#### [Exercise]
All pictures are to be dropped, and the remaining data set down exactly.

#### [Source data]
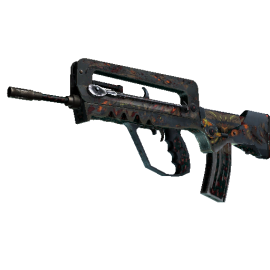 FAMAS | Eye of Athena (Battle-Scarred)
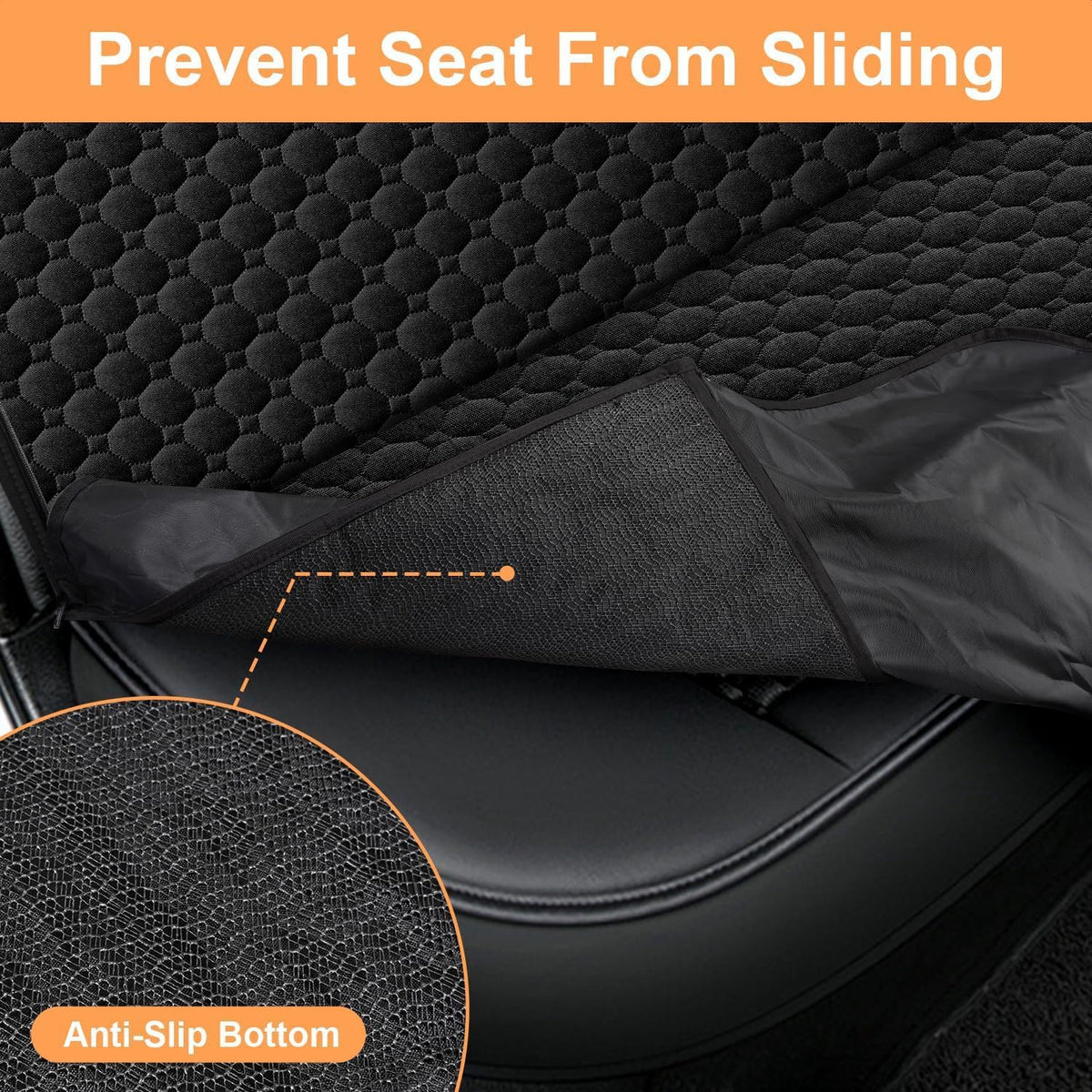 Mancro Dog Car Seat Cover for Back Seat, 2026 Upgraded 600D Heavy Duty Waterproof & Scratch-Resistant Dog Hammock for Car, Back Seat Pet Cover for Dogs with Sedan, Trucks and SUVs, Standard, Black
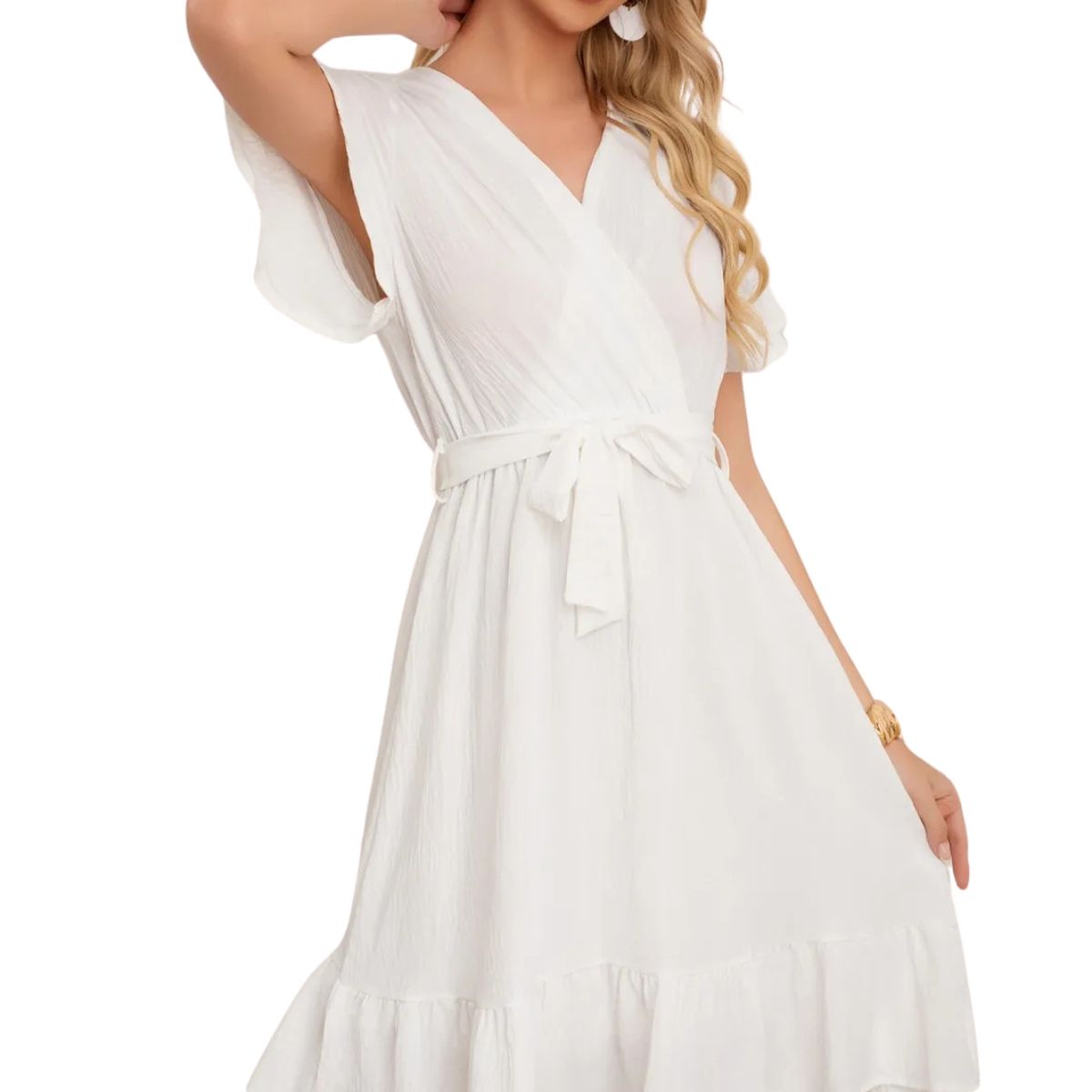 LOOK SHOP - Vestido Corto Primavera Verano Mujer Excelente Calidad 284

#### [Written answer]
 FAMAS | Eye of Athena (Battle-Scarred)
 Mancro Dog Car Seat Cover for Back Seat, 2026 Upgraded 600D Heavy Duty Waterproof & Scratch-Resistant Dog Hammock for Car, Back Seat Pet Cover for Dogs with Sedan, Trucks and SUVs, Standard, Black
 LOOK SHOP - Vestido Corto Primavera Verano Mujer Excelente Calidad 284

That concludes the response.